Health ministers from the last six countries in the world still trying to eradicate polio announced plans Thursday to immunize 250 million children multiple times during 2004.

The plan aims to wipe out the final "reservoirs" of the disease, which used to paralyze and cripple hundreds of thousands of children every year but is now on the verge of elimination.

Ministers meeting at the World Health Organization headquarters signed a declaration committing themselves to the plan. They added that they will need an extra $150 million in donations beyond the money already available under the Global Polio Eradication Initiative — the world's largest public health project.

"Nigeria is determined to break the chains of polio transmission for the sake of our children, our neighbors' children and the children of the world," said Nigerian Health Minister Eyitayo Lambo, whose country has the largest polio problem.

As well as Nigeria and India, polio is still considered to be endemic in Pakistan, Afghanistan, Niger and Egypt.

Multiple immunization campaigns are needed to ensure that no children are missed and to immunize newborns.

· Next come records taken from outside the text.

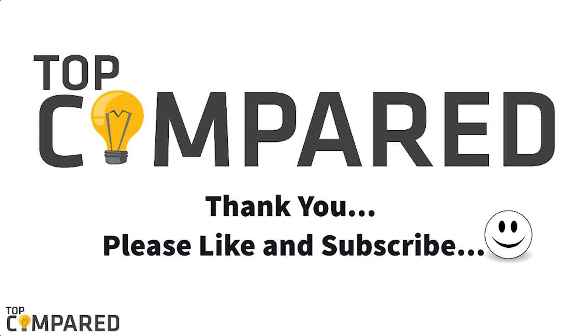Please like and share the video if you find it informative. Please subscribe to our channel to get more videos from us. Thank you.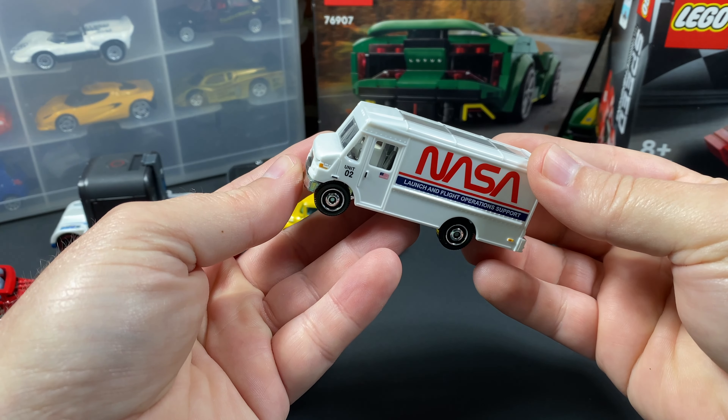I do want to mention, because this is Express Delivery, there's nothing NASA in here — no astronauts, no launch and flight support stuff. It's just open because this was probably a UPS truck or postal truck in its first iteration. But still, I'll take it. I could put stuff in there — maybe an astronaut or something like that. I think that's neat.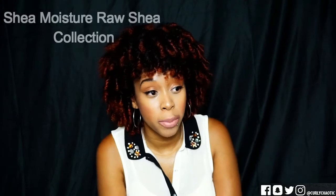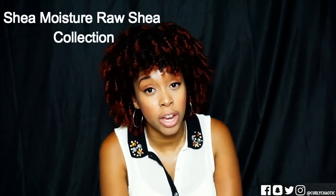Hey guys, Prada Kayabi back with my short series product review. This week I am going to be touching up on a product from the Shea Moisture Raw Shea Butter Collection — it is the Reconstructive Finishing Elixir.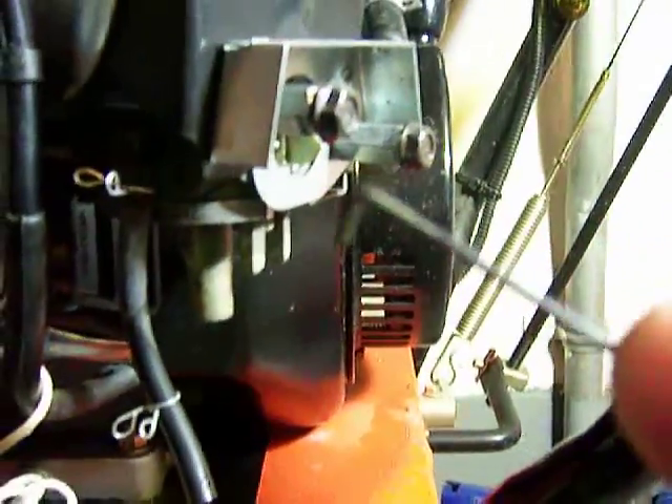It will be stuck in there. You'll need to use a small allen key by the choke. Put the key in like this and with a screwdriver press down, so the small nozzle will come down and fall out.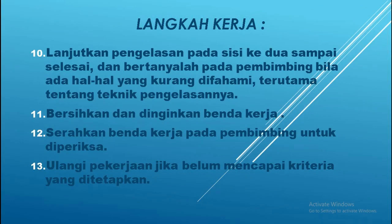Yang ke-11: bersihkan dan dinginkan benda kerja — setelah pengelasan selesai maka harus dibersihkan pakai sikat kawat. Kemudian yang ke-12: serahkan benda kerja yang telah dilas kepada pembimbing atau guru pengampu untuk diperiksa. Dan yang ke-13 — yang terakhir — ulangi pekerjaan tadi jika belum mencapai kriteria yang telah ditetapkan, karena kalau belum sesuai kriteria berarti kamu belum mampu dan belum sesuai dengan tujuan yang ingin dicapai.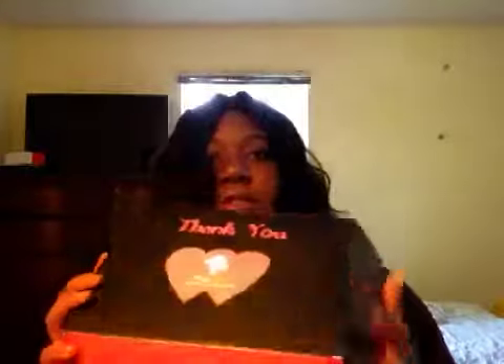The wig came through FedEx in this bag. Inside the bag you got this box, and on the box it says www.omgqueen.com. Inside the box you have their background story — nothing else came inside the box except for the wig, which came in this bag.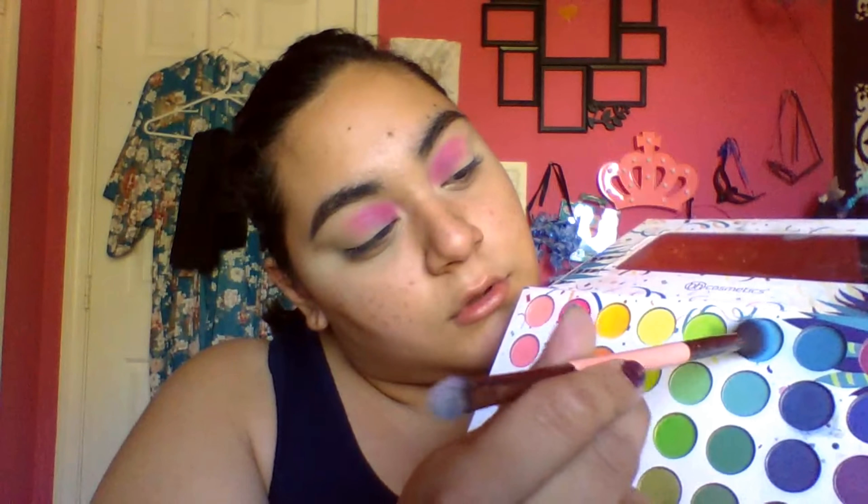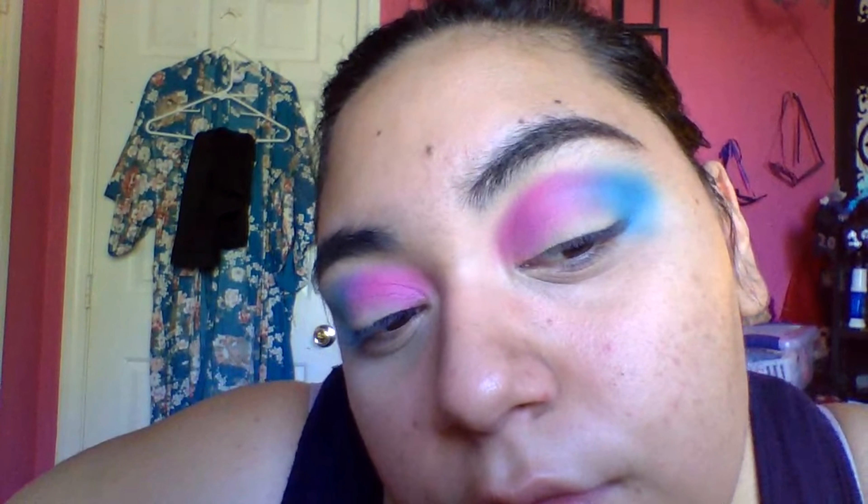Taking the blue shade and putting that in the outer half of my crease and blending it together with the pink. When blended together in the center, it makes like a little bit of purple and that's perfectly fine.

In 1988 when countries first started work on eradicating polio, around 1,000 children were infected every day. Only 677 cases were reported worldwide for the whole of 2003.

"We have a unique window of opportunity in which to end polio forever," said India's Health Minister Sushma Swaraj in a message from New Delhi. "We will seize this opportunity by reaching each and every child with vaccine."

She said preliminary data showed that there had already been an 84 percent reduction in polio cases in India in 2003 compared with the previous year.

The situation is less rosy in Nigeria, however, where the polio problem is growing. Immunization projects were brought to a halt late last year in the state of Kano because of rumors that the vaccine caused sterility. WHO said these are unfounded.

"With immunization activities stalled in Kano and polio campaigns of a sub-optimal quality in other northern states, polio was able to creep back across Nigeria and spread into previously polio-free countries," WHO said.

Lambo said his government has been negotiating with authorities in Kano and he is confident that their worries will soon be allayed.

"We are very hopeful that by the end of next week all the concerns they have raised will be addressed. They have promised that once the concerns are addressed, they will be ready to forge ahead," he told reporters.

Seven countries in Africa have been "reinfected," forcing health workers to carry out immunization campaigns across west and central Africa.

WHO warned that, if polio is not eradicated this year, it could spread because children in many countries free of the disease are no longer immunized.

"Not only is this the best chance that we have, but quite possibly it may be the last chance we have to finish the job," said Dr. Bruce Aylward, coordinator of the Polio Eradication Initiative at WHO.

Polio usually infects children under the age of 5 through contaminated drinking water and attacks the central nervous system, causing paralysis, muscular atrophy, deformation and, in some cases, death.

When WHO and other organizations launched the Global Polio Eradication Initiative in 1988, 125 countries were affected by the disease. It has since been eradicated in Europe, the Americas, much of Asia and Australia. The initiative has set itself a target of eradicating polio globally by the end of 2005.

"After an international investment of $3 billion over 15 years and the successful engagement of over 200 countries and 20 million volunteers, polio could be the first disease of the 21st century to be eradicated," WHO said.